• [THE TASK]: Begin at the line containing "Uttar Pradesh Road" in the records below, end at the line containing "BÁN NHÀ MẶT", and retype each line in that span exactly. No other line and no image should appear.

• [SOURCE MATERIAL]:
____________
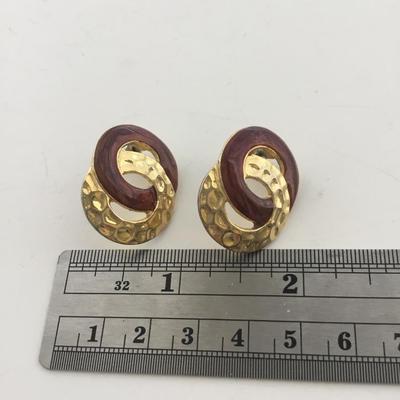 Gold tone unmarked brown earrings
____________
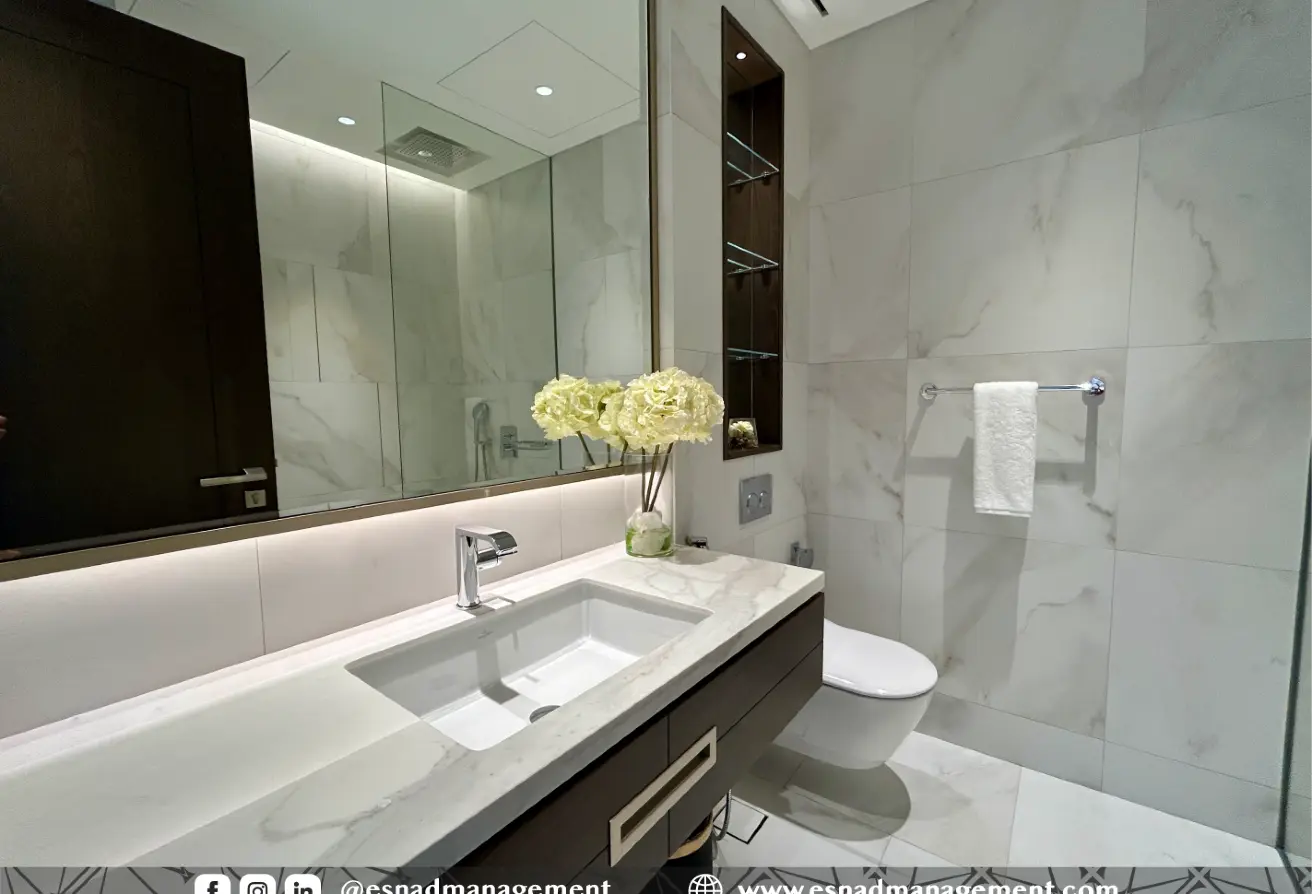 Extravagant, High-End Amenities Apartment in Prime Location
____________
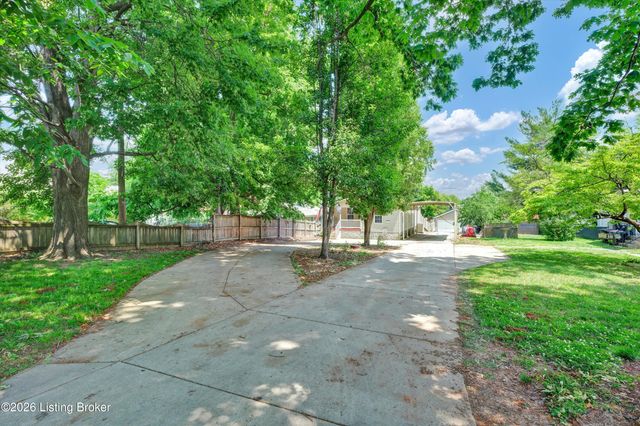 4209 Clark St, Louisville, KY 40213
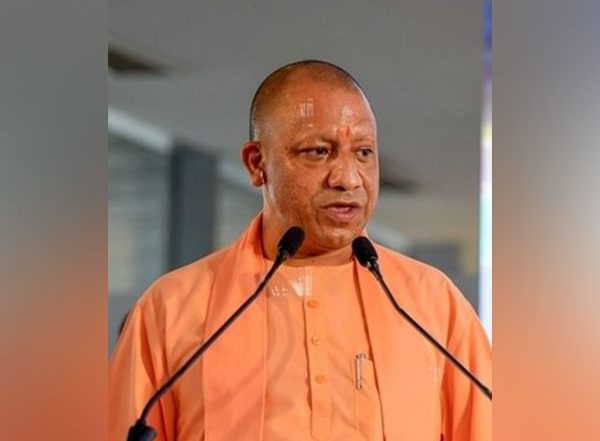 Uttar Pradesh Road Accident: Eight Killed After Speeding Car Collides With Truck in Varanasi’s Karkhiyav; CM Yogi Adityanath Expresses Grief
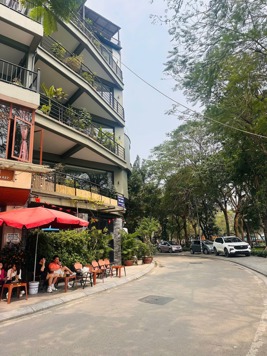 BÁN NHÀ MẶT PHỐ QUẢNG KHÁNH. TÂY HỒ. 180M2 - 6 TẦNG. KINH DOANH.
____________
• [OUTPUT BELOW]:
 Uttar Pradesh Road Accident: Eight Killed After Speeding Car Collides With Truck in Varanasi’s Karkhiyav; CM Yogi Adityanath Expresses Grief
 BÁN NHÀ MẶT PHỐ QUẢNG KHÁNH. TÂY HỒ. 180M2 - 6 TẦNG. KINH DOANH.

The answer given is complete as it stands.